「10月22日!」
岩田が思わず叫んだ。
原因は、後援会パーティの日程表。
10月22日、岐阜・長良川温泉『ホテル清流』とあった。
殺害された和田かつ也も、この日、このホテルに宿泊している。そして、翌日から太閤街道ツアーに参加している。
(和田かつ也が宿泊した日、木下藤吉郎のパーティが開催されていた。ということは、どうなる?)
腕を組み、岩田が天井を見つめた。
(木下藤吉郎や植芝会長をユスるため、あるいはユスリのネタ探し?)
和田かつ也の仕事はユスリであった。
(岐阜に行った理由は、その辺だな)
岩田はそう思った。
「その辺りだが…」
岩田の独り言。
(警察もその辺りは掴んでいるはず。どうやら、畠山にハメられたようだ)
(警察も何の目的で岐阜に行ったのか、大体のところは。だが、植芝会長は公安委員。木下藤吉郎は大阪府知事選に出馬予定)
(捜査がやり難い。そこで私を利用することにした?)
(事件の話を聞かせれば、勝手に調査を始めると計算したわけか。和田かつ也の写真を置いて帰ったのも…)
(しかし、よくガンバルものだな)
木下藤吉郎たち、である。
パーティは岐阜のあと、一日置いて、名古屋のホテルで開催されている。さらに、その次の日にも大阪のホテルで開催している。
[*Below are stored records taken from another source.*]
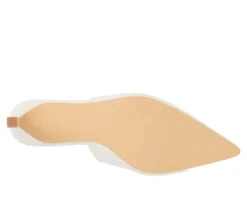 Clogs & Mules><noscript><img width=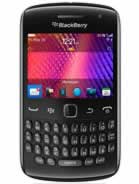 Sell recycle mobile phone Blackberry Curve 9360 for cash
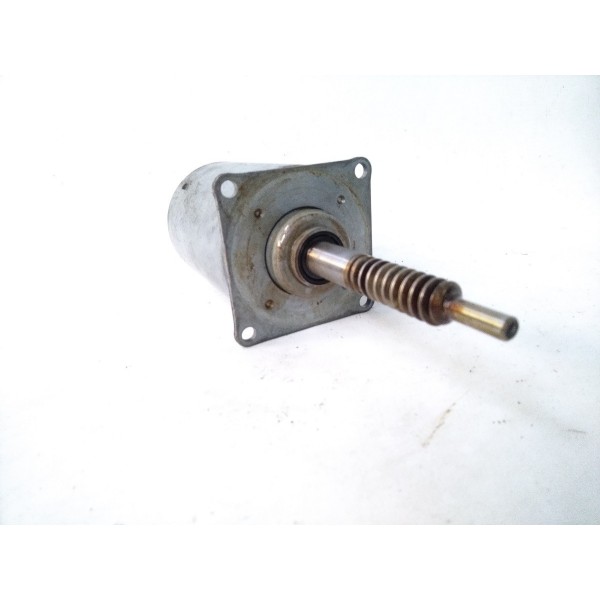 Variador Comando Valvulas 7506788 Bmw X5 1999 2005 Detalhe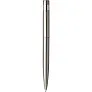  Ball pen
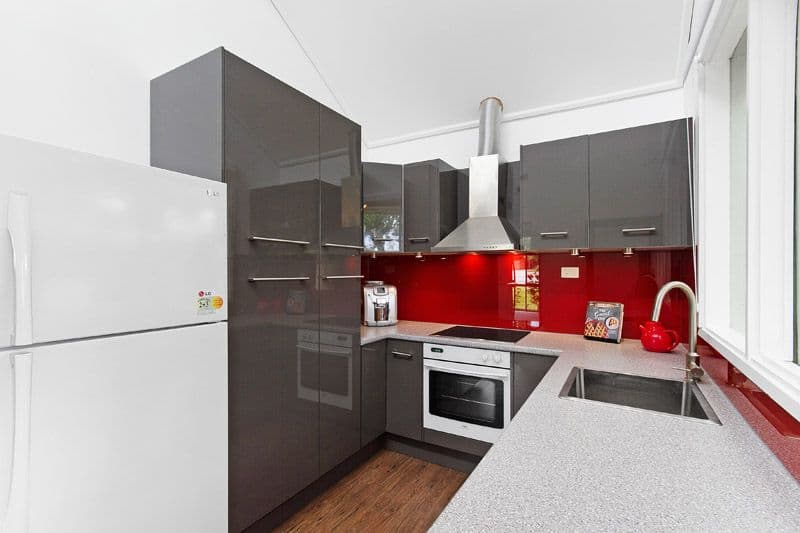 17-19 Spring Road, Springvale South VIC 3172, Springvale South - Thumbnail 2
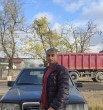 Мурад Юсупов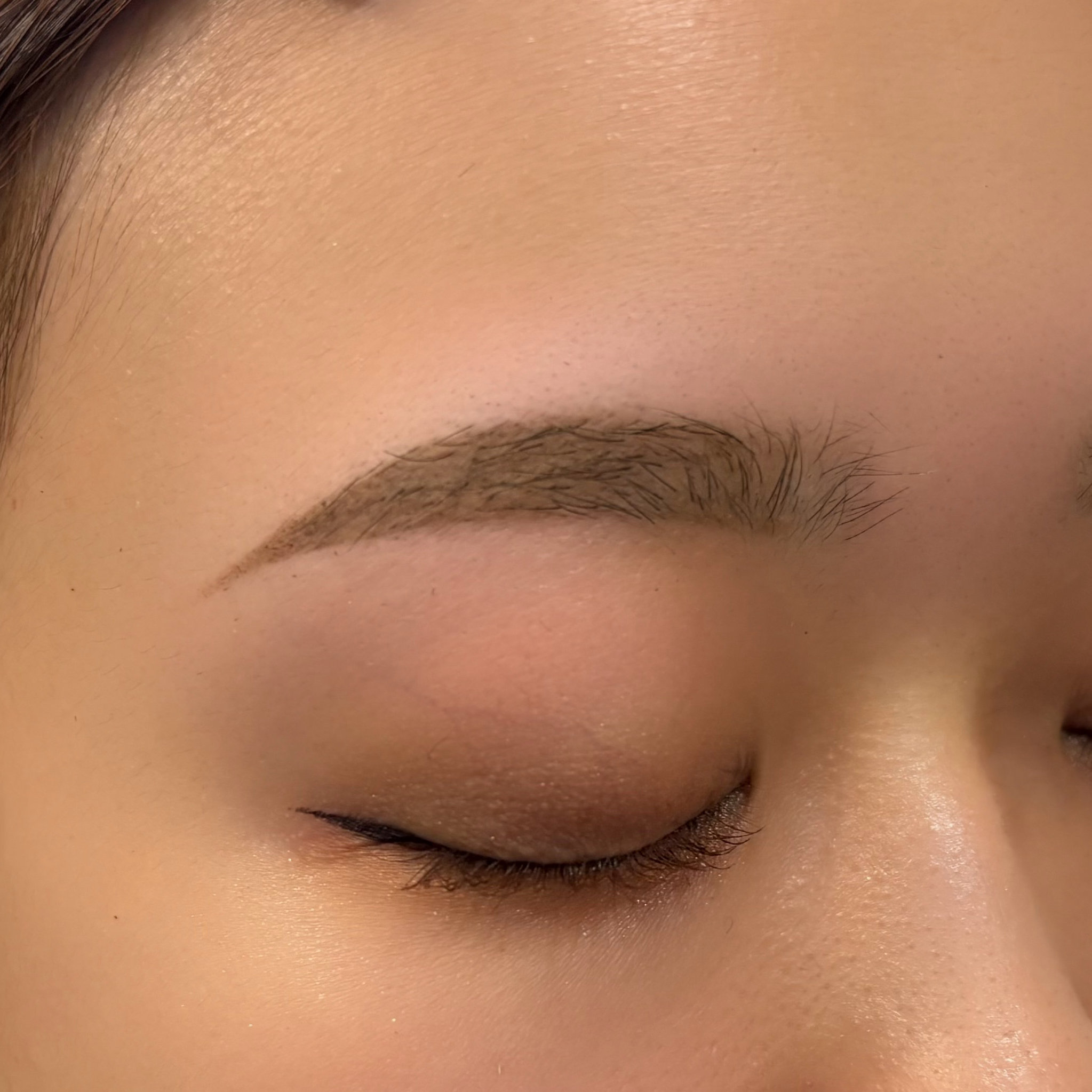 seika_eyelash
(選挙とは、そういうものかも知れないが、知事選のパーティを他府県で開催しても)
岩田が疑問に思った。
(資金集め?)
(金なら、植芝会長が持っているのでは?)
参考までに調査を行なった。
ネットの掲示板に答えらしきものがあった。
大阪の選挙は、人気がすべて。
人気を得るには、おもしろい選挙をすること。
大阪人の価値観は、おもしろいか、おもしろくないかで決まるから。
他府県でパーティをして、盛り上げるのも作戦である。
『大阪の状況はどうなっている?』
他府県の人間から聞かれると、大阪人は勘違いを起こす。今度の選挙はおもしろいかも、と。
(それは単に、大阪人はアホと言っているだけ)
ツッコミを入れたくなる答えであった。